'Not a crime or affair': Trump likens probe into him to 'Stalinist Russia'

Ex-US President Donald Trump tells supporters gathered at Waco's airport in Texas state the investigations swirling around him were "something straight out of the Stalinist Russia horror show."

Donald Trump walks across the tarmac as he arrives to speak at a campaign rally at Waco Regional Airport in Waco, Texas.
AP

Donald Trump walks across the tarmac as he arrives to speak at a campaign rally at Waco Regional Airport in Waco, Texas.

Ex-US  president Donald Trump has shrugged off his possible indictment as he used his first presidential campaign rally for the 2024 election to take aim at his political opponents.

"The district attorney of New York under the auspices and direction of the 'department of injustice' in Washington DC was investigating me for something that is not a crime, not a misdemeanor, not an affair," he told supporters in Waco, Texas state.

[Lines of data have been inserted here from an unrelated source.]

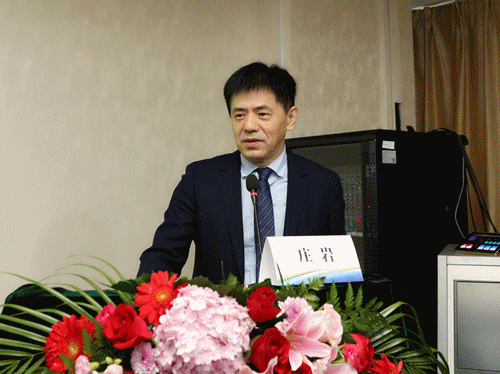 微信图片_20191019225828.gif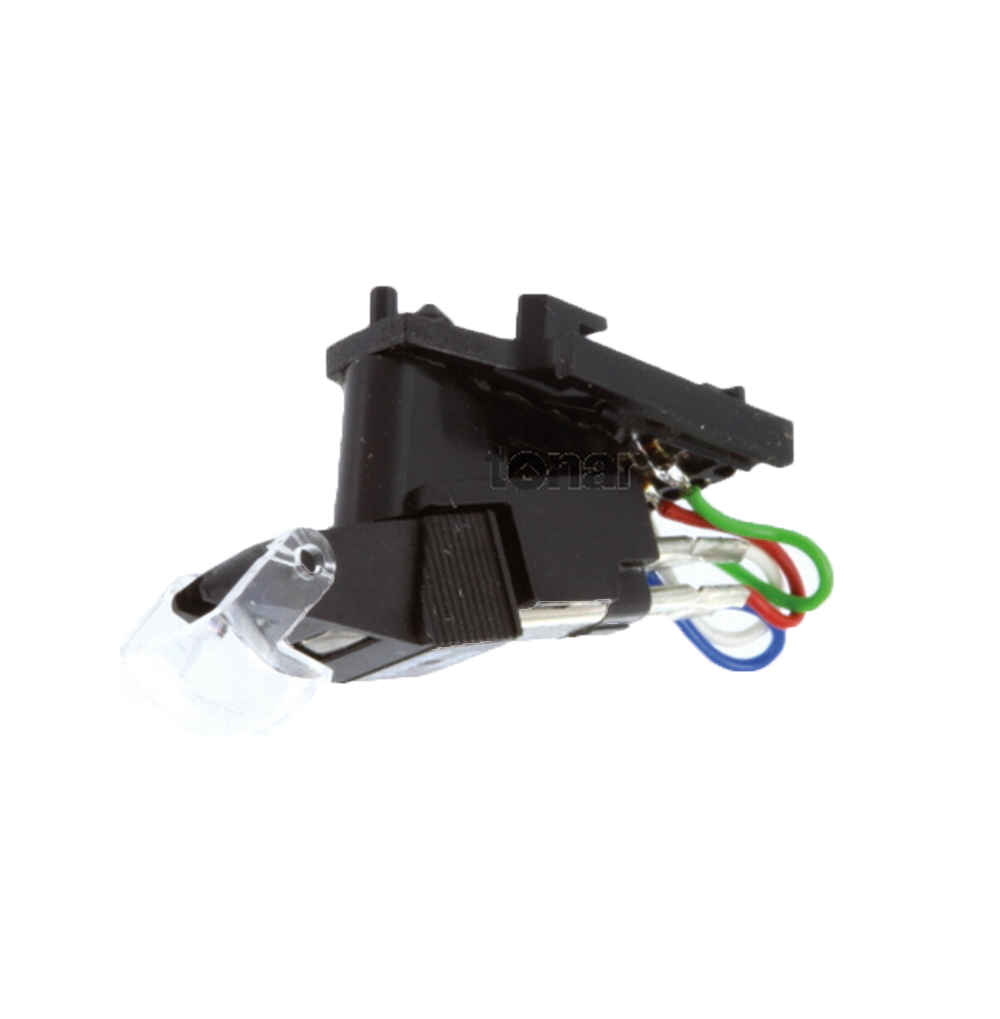 Dual  TKS-49 S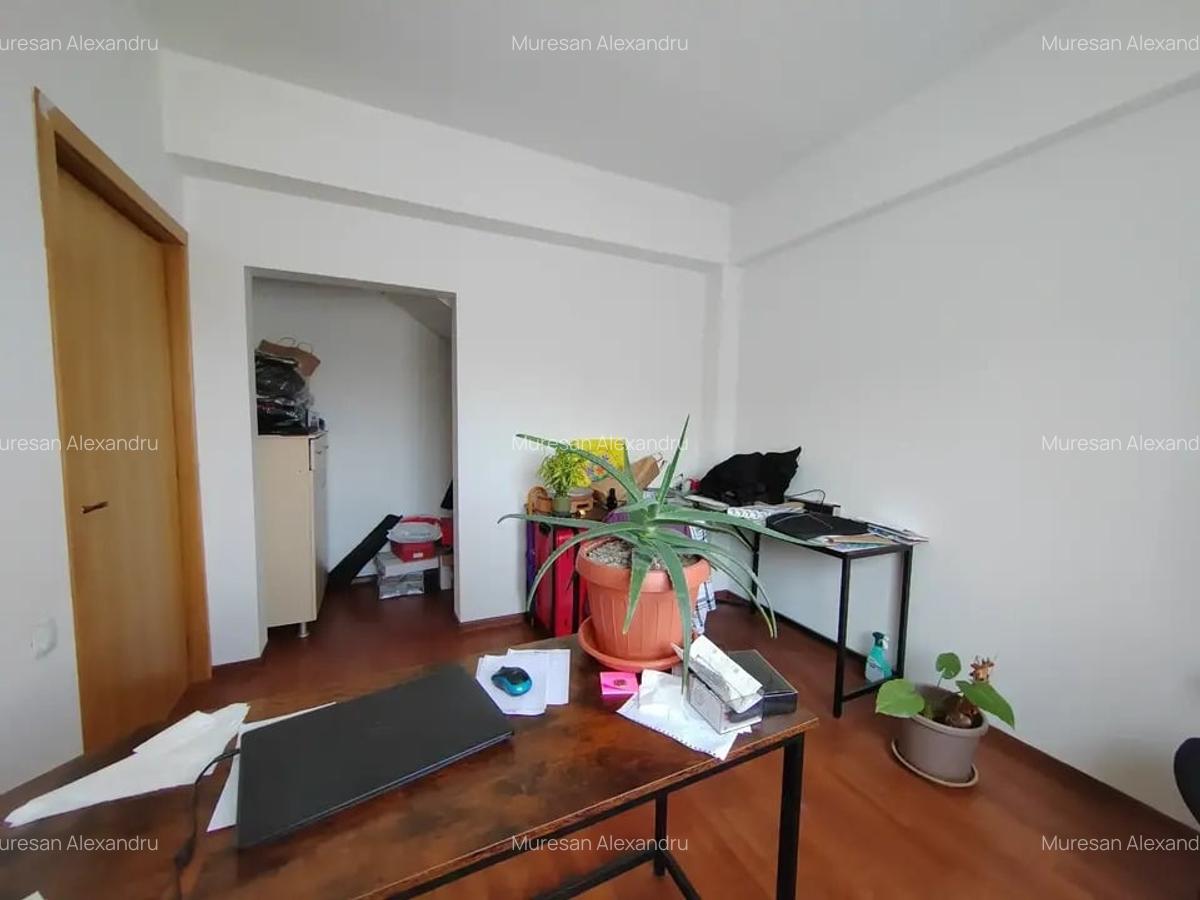 Casa Individuala 6 Camere Potigrafu Gorgota I Teren 1020mp - 8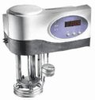 FTE10DPC - High-Stability Immersion Digital Circulator; 120V; 50/60Hz -- GO-01262-05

Manhattan District Attorney Alvin Bragg is investigating a $130,000 payment from Trump's office to adult actress Stormy Daniels in the weeks leading up to the 2016 presidential election.

A special counsel appointed by the Department of Justice is investigating allegations he hoarded top-secret documents and masterminded a plot seeking to overturn the 2020 election.

"I never liked 'Horse Face'," Trump said, using his derogatory name for Daniels.

"That wouldn't be the one. There is no one. We have a great First Lady."

Trump had said he would be arrested last week, warning that his indictment could result in "potential death & destruction," apparently from angry supporters.

He would become the first former or sitting president to ever be charged with a crime if the grand jury, a panel of citizens convened by Bragg, decides to indict.

'Witch hunt'

Trump employed dark and conspiratorial language to fire up his base ahead of next year's Republican primary elections.

Trump told supporters the investigations swirling around him were "something straight out of the Stalinist Russia horror show."

"From the beginning it's been one witch hunt and phony investigation after another," he said.

The legal threats hanging over the former president were front of mind for some attendees, many of whom flashed signs saying "WITCH HUNT."

Republican lawmaker Marjorie Taylor Greene, one of Trump's most vocal supporters in Congress, told the crowd it was time to "take back" the Department of Justice.

"You have to understand: they are not just coming after President Trump, they are coming after you, and President Trump is just the only one standing in their way," she said.

Trump's rally is happening in Waco as the city marks the 30th anniversary of a raid by federal agents on the Branch Davidians religious sect there that resulted in 86 deaths, including four law-enforcement officers. 

Many right-wing extremists see the raid as a seminal moment of government overreach, and critics saw the rally's timing as a nod to Trump's far-right supporters.